• _Description of the task_: Output exactly the lines of the listing below that run from the line with "Женский 3D-костюм Абстрактная" through the line with "Omega Seamaster Aqua". No pictures.

• _Material provided_:
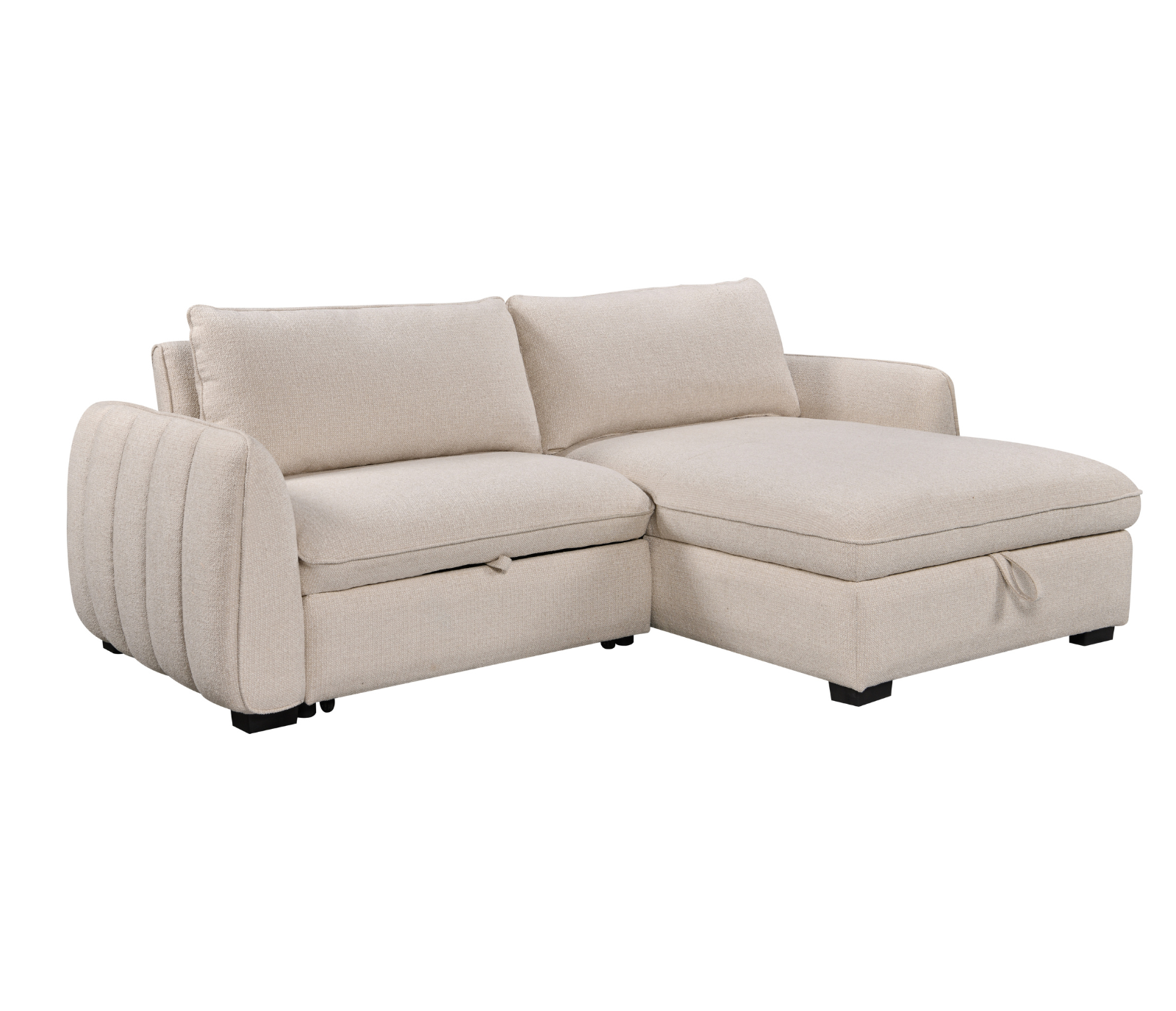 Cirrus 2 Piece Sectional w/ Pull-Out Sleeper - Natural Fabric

--

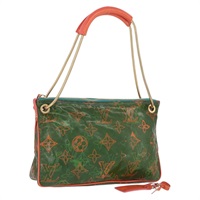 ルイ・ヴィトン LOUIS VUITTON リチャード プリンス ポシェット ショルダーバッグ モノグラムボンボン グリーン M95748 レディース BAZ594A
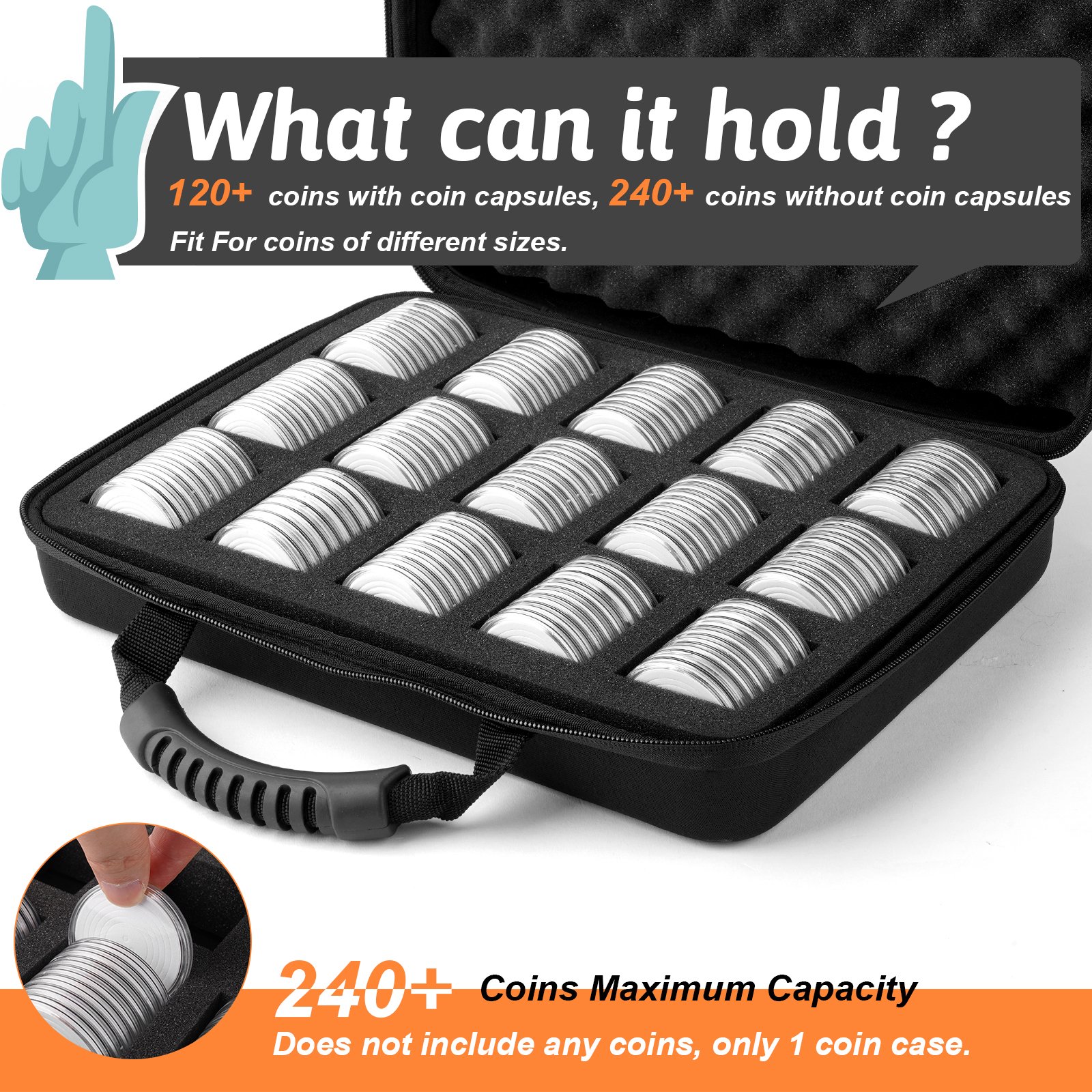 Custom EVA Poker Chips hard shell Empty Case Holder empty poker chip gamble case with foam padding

...

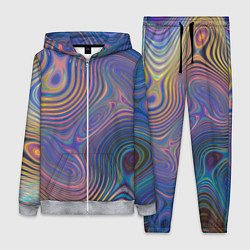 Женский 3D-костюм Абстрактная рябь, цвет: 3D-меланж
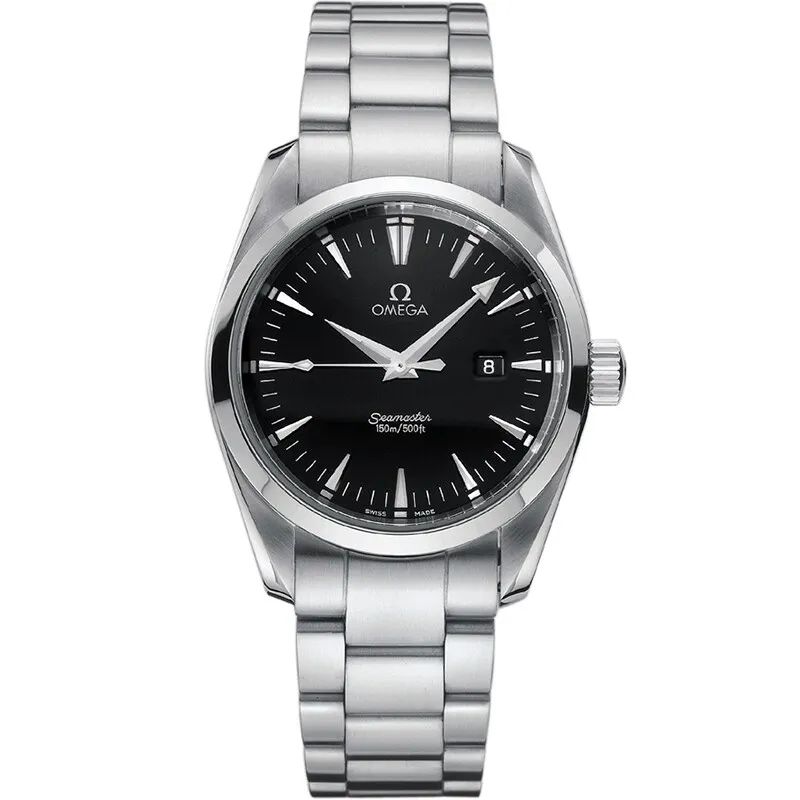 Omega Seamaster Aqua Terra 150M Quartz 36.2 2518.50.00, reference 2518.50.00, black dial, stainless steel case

• _Result for this task_:
 Женский 3D-костюм Абстрактная рябь, цвет: 3D-меланж
 Omega Seamaster Aqua Terra 150M Quartz 36.2 2518.50.00, reference 2518.50.00, black dial, stainless steel case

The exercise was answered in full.